Берг воспользовался случаем спросить с особенною учтивостию, будут ли выдавать теперь, как слышно было, удвоенное фуражное армейским ротным командирам? На это князь Андрей с улыбкой отвечал, что он не может судить о столь важных государственных распоряжениях, и Берг радостно рассмеялся.
– Об вашем деле, – обратился князь Андрей опять к Борису, – мы поговорим после, и он оглянулся на Ростова. – Вы приходите ко мне после смотра, мы всё сделаем, что можно будет.
И, оглянув комнату, он обратился к Ростову, которого положение детского непреодолимого конфуза, переходящего в озлобление, он и не удостоивал заметить, и сказал:
– Вы, кажется, про Шенграбенское дело рассказывали? Вы были там?
– Я был там, – с озлоблением сказал Ростов, как будто бы этим желая оскорбить адъютанта.
Болконский заметил состояние гусара, и оно ему показалось забавно. Он слегка презрительно улыбнулся.
– Да! много теперь рассказов про это дело!
– Да, рассказов, – громко заговорил Ростов, вдруг сделавшимися бешеными глазами глядя то на Бориса, то на Болконского, – да, рассказов много, но наши рассказы – рассказы тех, которые были в самом огне неприятеля, наши рассказы имеют вес, а не рассказы тех штабных молодчиков, которые получают награды, ничего не делая.
– К которым, вы предполагаете, что я принадлежу? – спокойно и особенно приятно улыбаясь, проговорил князь Андрей.
Странное чувство озлобления и вместе с тем уважения к спокойствию этой фигуры соединялось в это время в душе Ростова.
– Я говорю не про вас, – сказал он, – я вас не знаю и, признаюсь, не желаю знать. Я говорю вообще про штабных.
– А я вам вот что скажу, – с спокойною властию в голосе перебил его князь Андрей. – Вы хотите оскорбить меня, и я готов согласиться с вами, что это очень легко сделать, ежели вы не будете иметь достаточного уважения к самому себе; но согласитесь, что и время и место весьма дурно для этого выбраны. На днях всем нам придется быть на большой, более серьезной дуэли, а кроме того, Друбецкой, который говорит, что он ваш старый приятель, нисколько не виноват в том, что моя физиономия имела несчастие вам не понравиться. Впрочем, – сказал он, вставая, – вы знаете мою фамилию и знаете, где найти меня; но не забудьте, – прибавил он, – что я не считаю нисколько ни себя, ни вас оскорбленным, и мой совет, как человека старше вас, оставить это дело без последствий. Так в пятницу, после смотра, я жду вас, Друбецкой; до свидания, – заключил князь Андрей и вышел, поклонившись обоим.
Ростов вспомнил то, что ему надо было ответить, только тогда, когда он уже вышел.
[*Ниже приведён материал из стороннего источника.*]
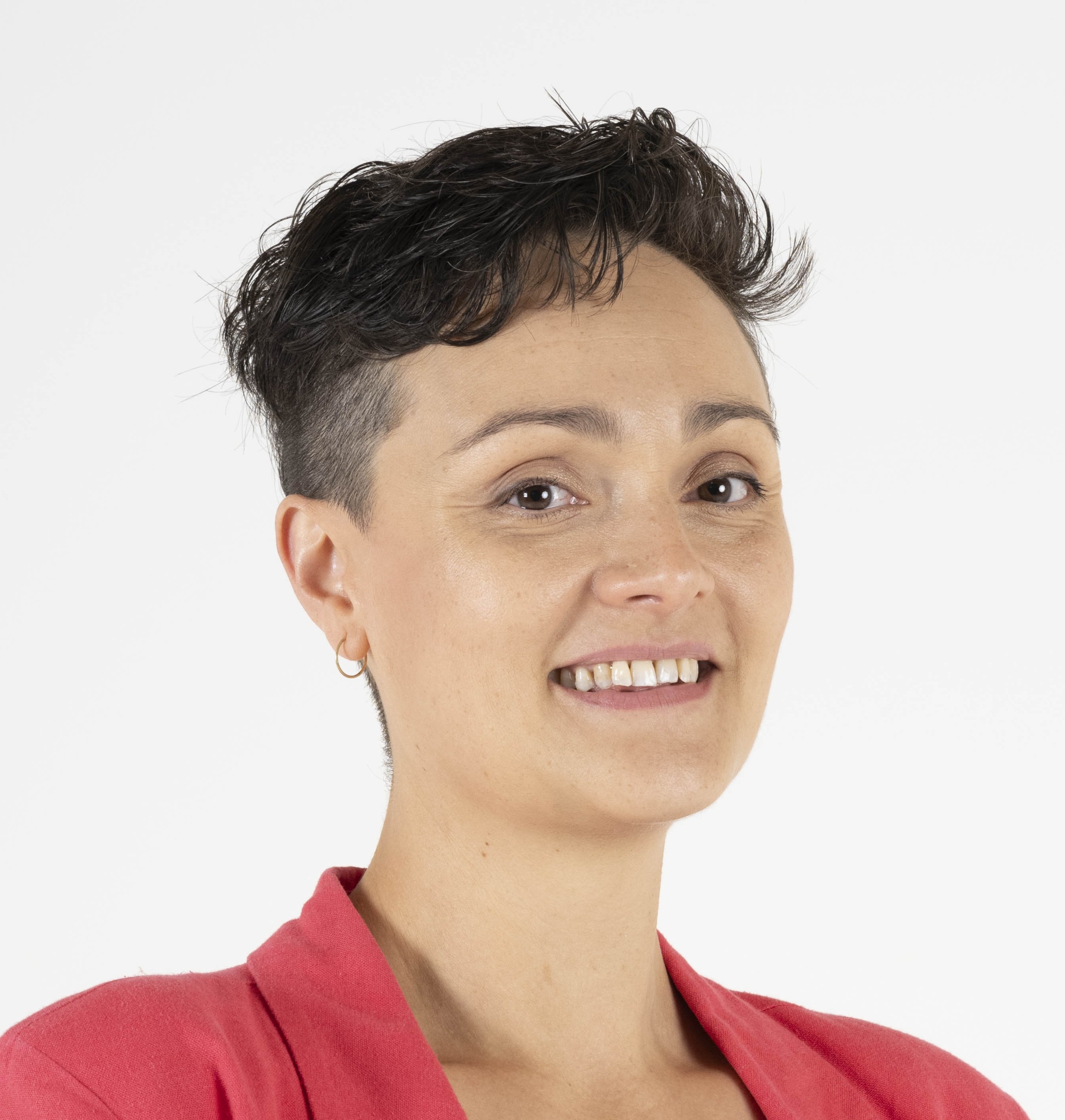 Photo of Cat Standley. She is wearing a pink top and smiling at the camera.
И еще более был он сердит за то, что забыл сказать это. Ростов сейчас же велел подать свою лошадь и, сухо простившись с Борисом, поехал к себе. Ехать ли ему завтра в главную квартиру и вызвать этого ломающегося адъютанта или, в самом деле, оставить это дело так? был вопрос, который мучил его всю дорогу. То он с злобой думал о том, с каким бы удовольствием он увидал испуг этого маленького, слабого и гордого человечка под его пистолетом, то он с удивлением чувствовал, что из всех людей, которых он знал, никого бы он столько не желал иметь своим другом, как этого ненавидимого им адъютантика.